| What needs to be done |
Word for word, restate the lines of the data below between those holding "Heather Polyester Viscose" and "Lifetime 6446 Outdoor", inclusive; pictures do not belong in the copy.

| Data |
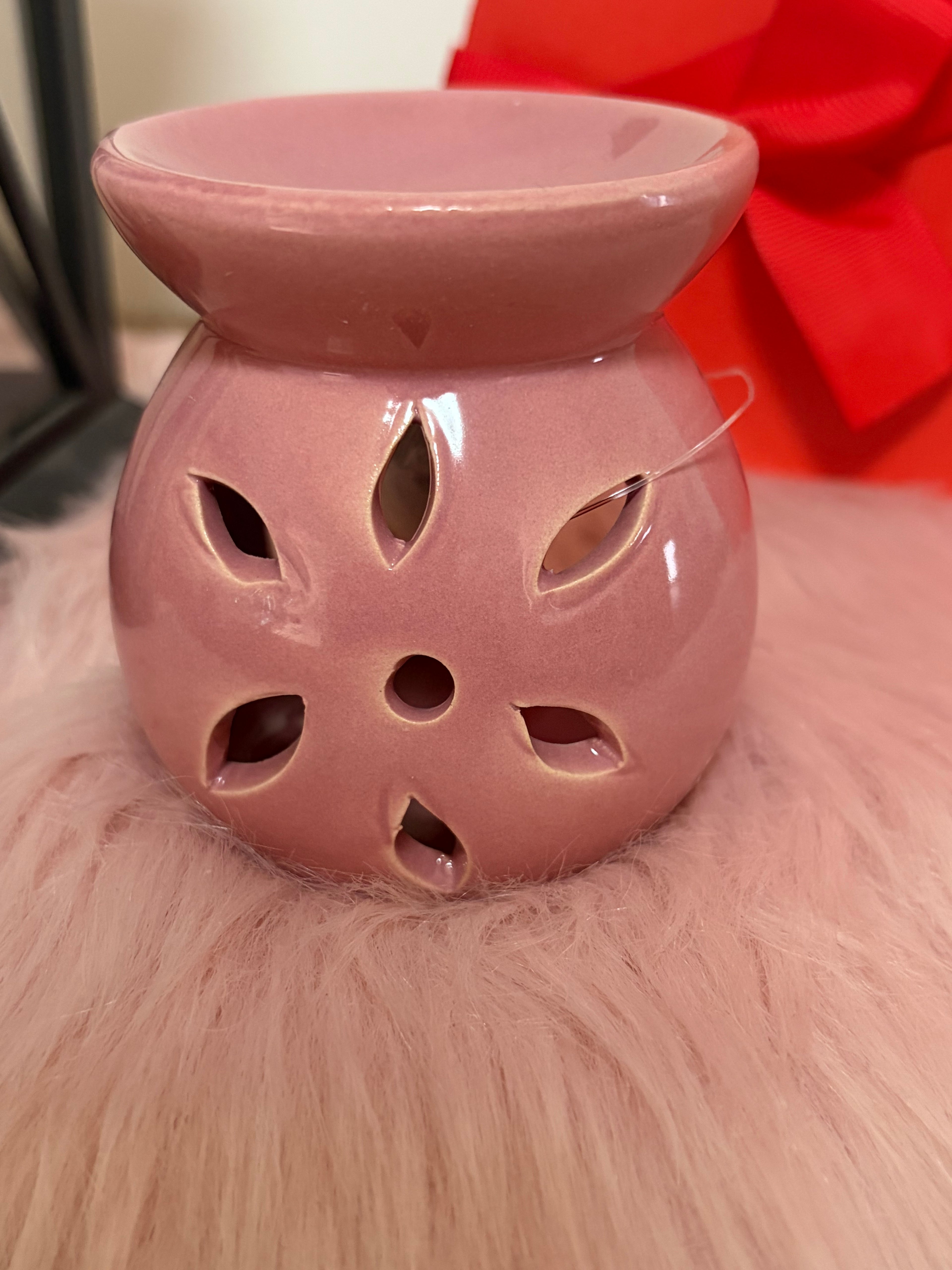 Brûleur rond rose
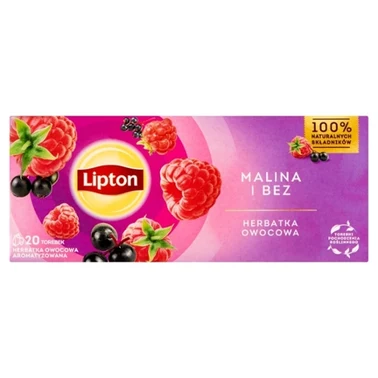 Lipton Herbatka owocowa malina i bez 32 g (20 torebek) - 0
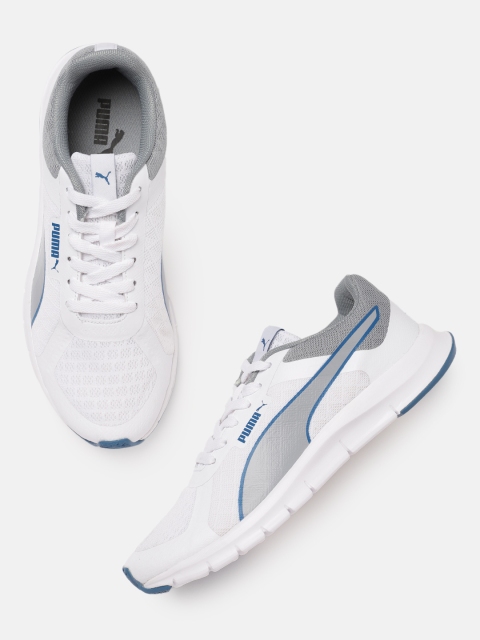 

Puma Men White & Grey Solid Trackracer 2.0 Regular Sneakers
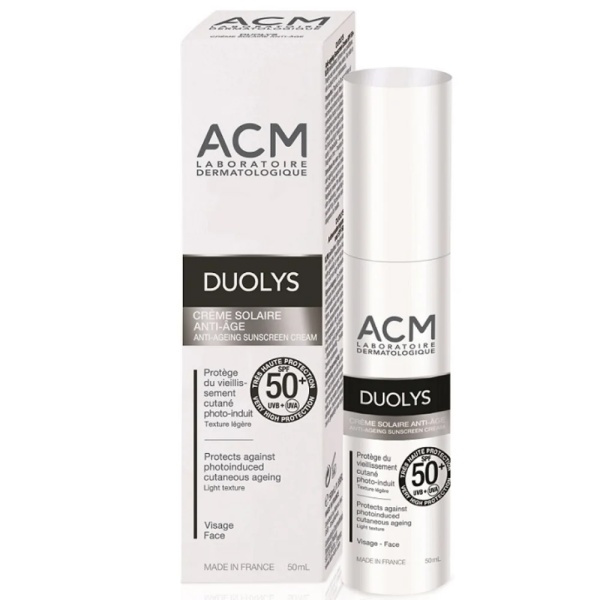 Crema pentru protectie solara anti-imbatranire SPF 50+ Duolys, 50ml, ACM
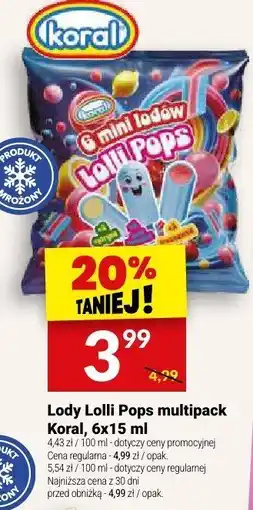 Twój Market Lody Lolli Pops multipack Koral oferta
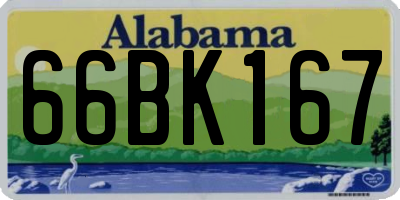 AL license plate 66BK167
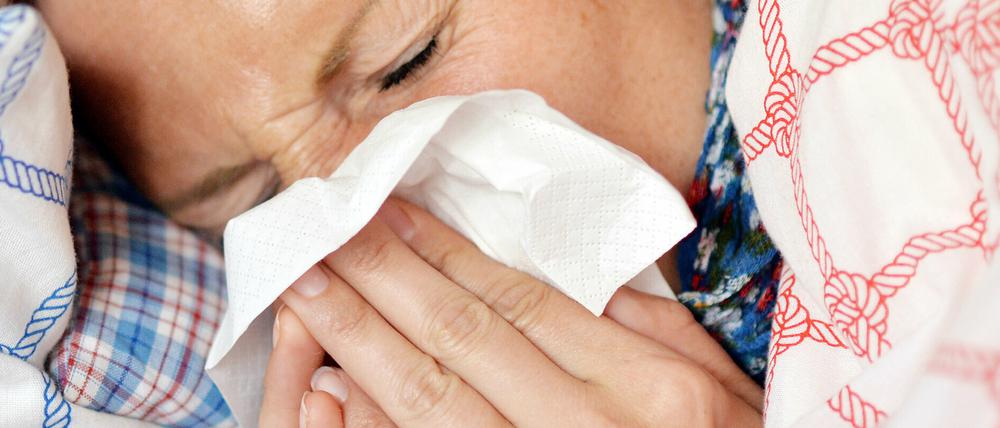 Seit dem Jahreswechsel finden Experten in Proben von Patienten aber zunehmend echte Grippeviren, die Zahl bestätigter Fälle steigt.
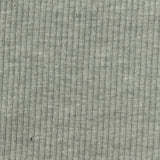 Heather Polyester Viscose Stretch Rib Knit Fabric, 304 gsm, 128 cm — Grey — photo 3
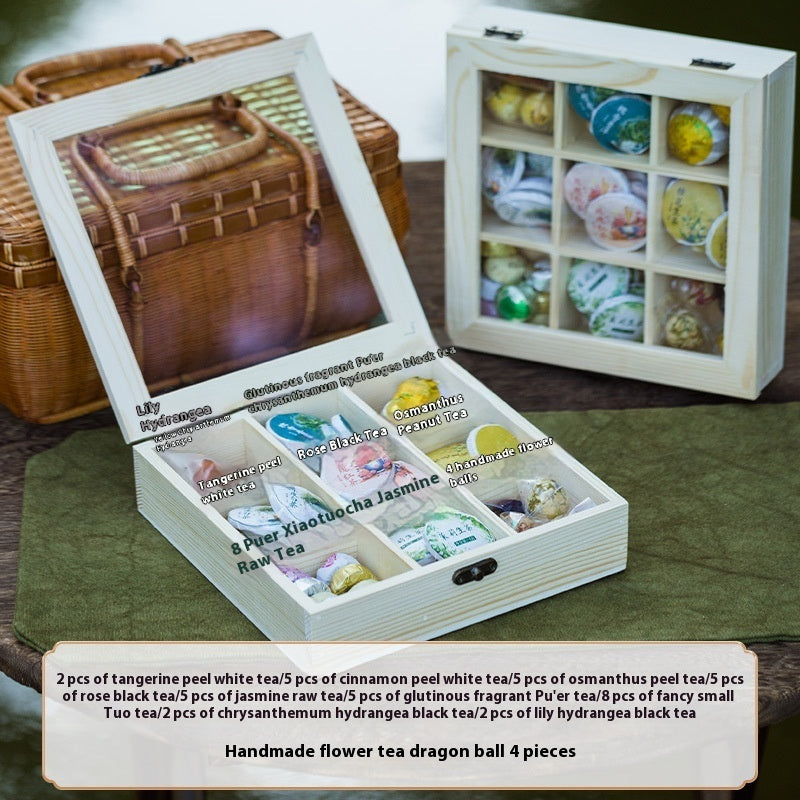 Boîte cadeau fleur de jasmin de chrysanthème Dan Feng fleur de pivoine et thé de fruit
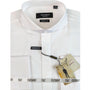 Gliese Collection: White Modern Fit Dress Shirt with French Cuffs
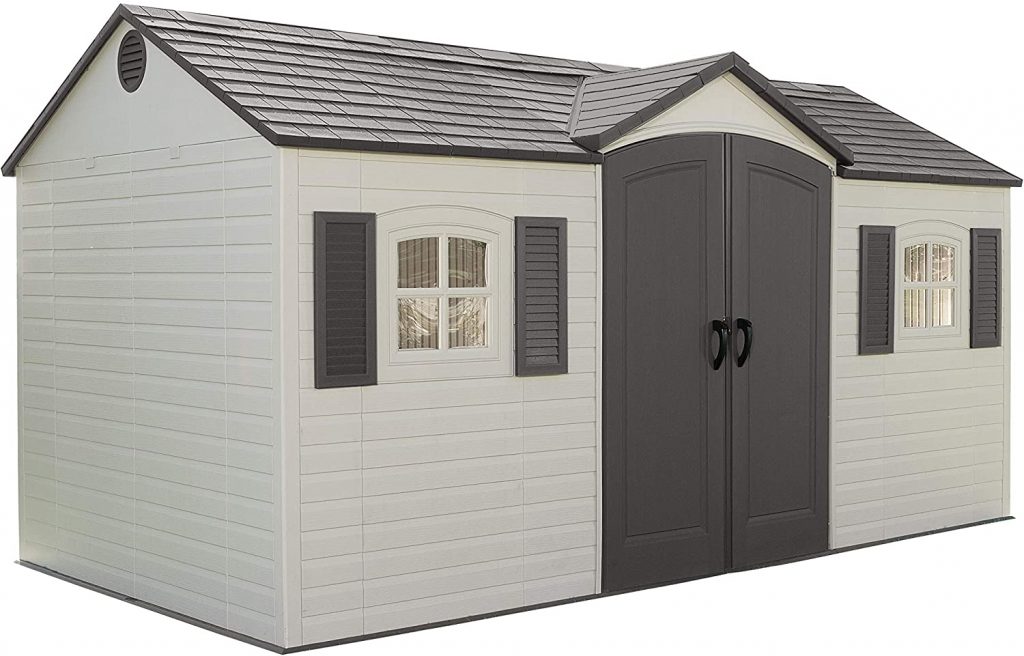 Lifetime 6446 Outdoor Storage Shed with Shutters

* * *

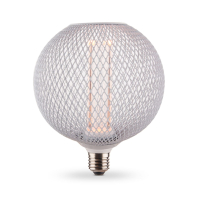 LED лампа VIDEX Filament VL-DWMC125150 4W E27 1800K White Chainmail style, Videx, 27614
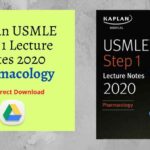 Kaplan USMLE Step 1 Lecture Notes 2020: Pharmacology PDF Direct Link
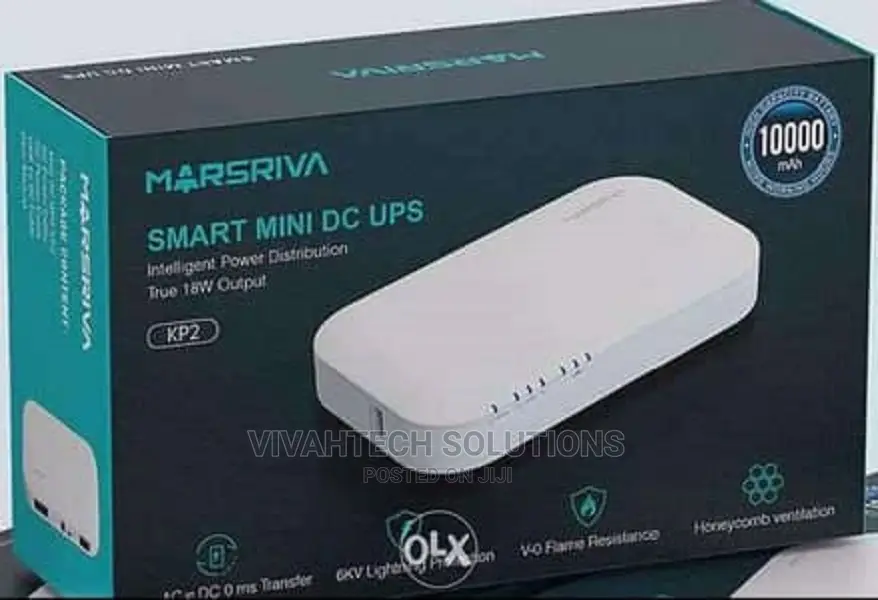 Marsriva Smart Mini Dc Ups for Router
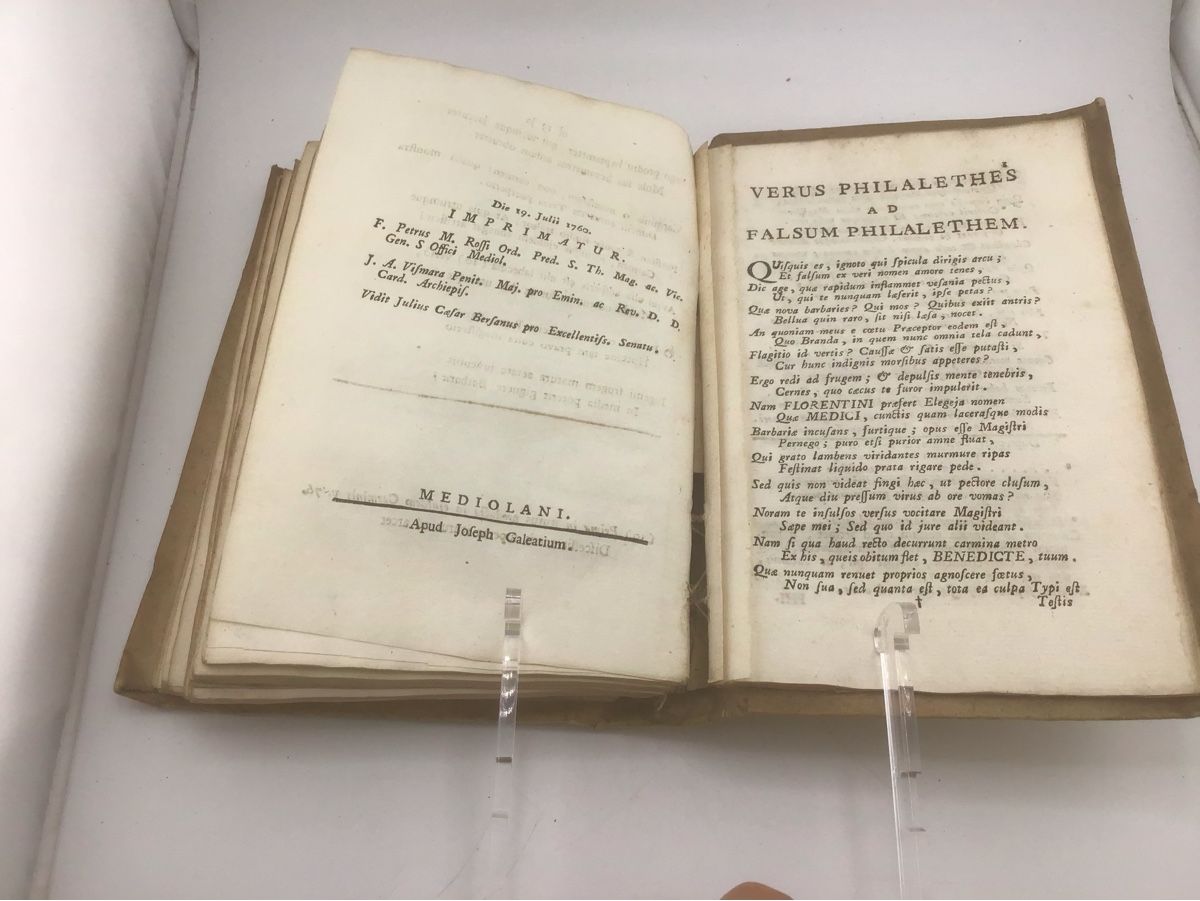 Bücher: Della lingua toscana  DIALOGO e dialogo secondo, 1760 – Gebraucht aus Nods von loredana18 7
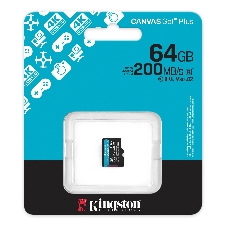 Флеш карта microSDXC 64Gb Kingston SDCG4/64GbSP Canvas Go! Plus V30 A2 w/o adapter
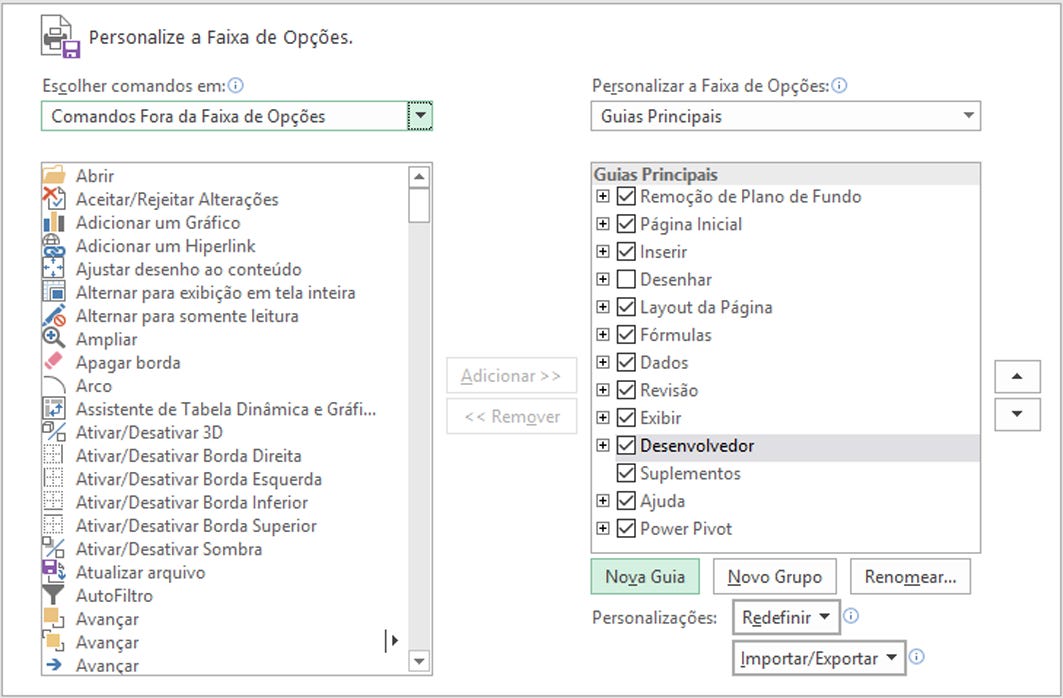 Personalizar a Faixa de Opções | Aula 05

* * *

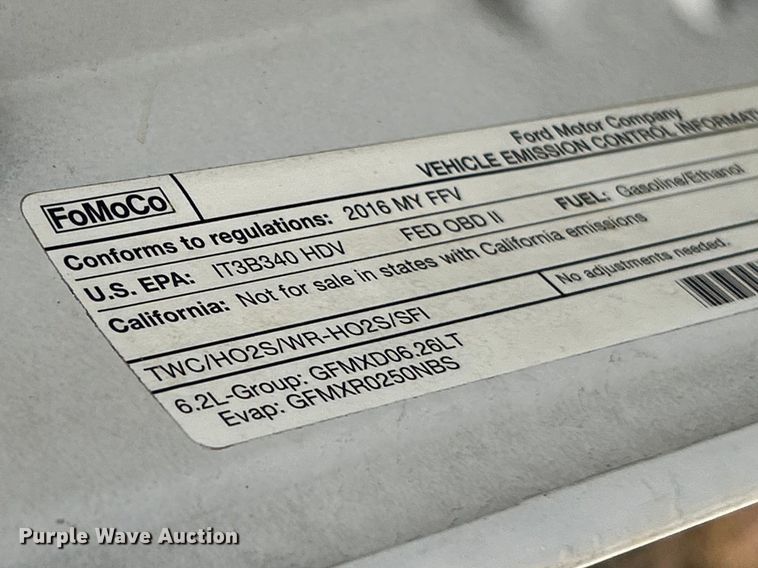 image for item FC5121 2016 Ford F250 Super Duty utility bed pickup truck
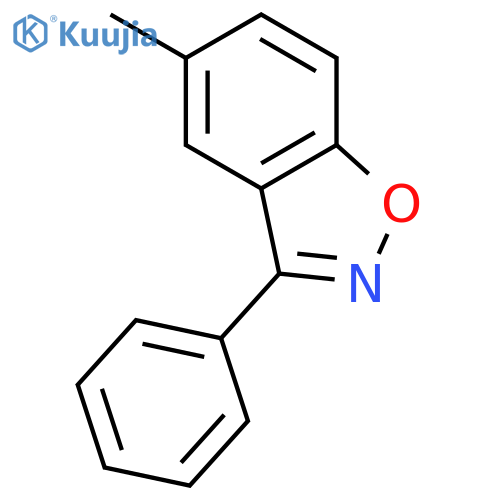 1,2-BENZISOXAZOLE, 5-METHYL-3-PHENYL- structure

| Problem solution |
 Heather Polyester Viscose Stretch Rib Knit Fabric, 304 gsm, 128 cm — Grey — photo 3
 Boîte cadeau fleur de jasmin de chrysanthème Dan Feng fleur de pivoine et thé de fruit
 Gliese Collection: White Modern Fit Dress Shirt with French Cuffs
 Lifetime 6446 Outdoor Storage Shed with Shutters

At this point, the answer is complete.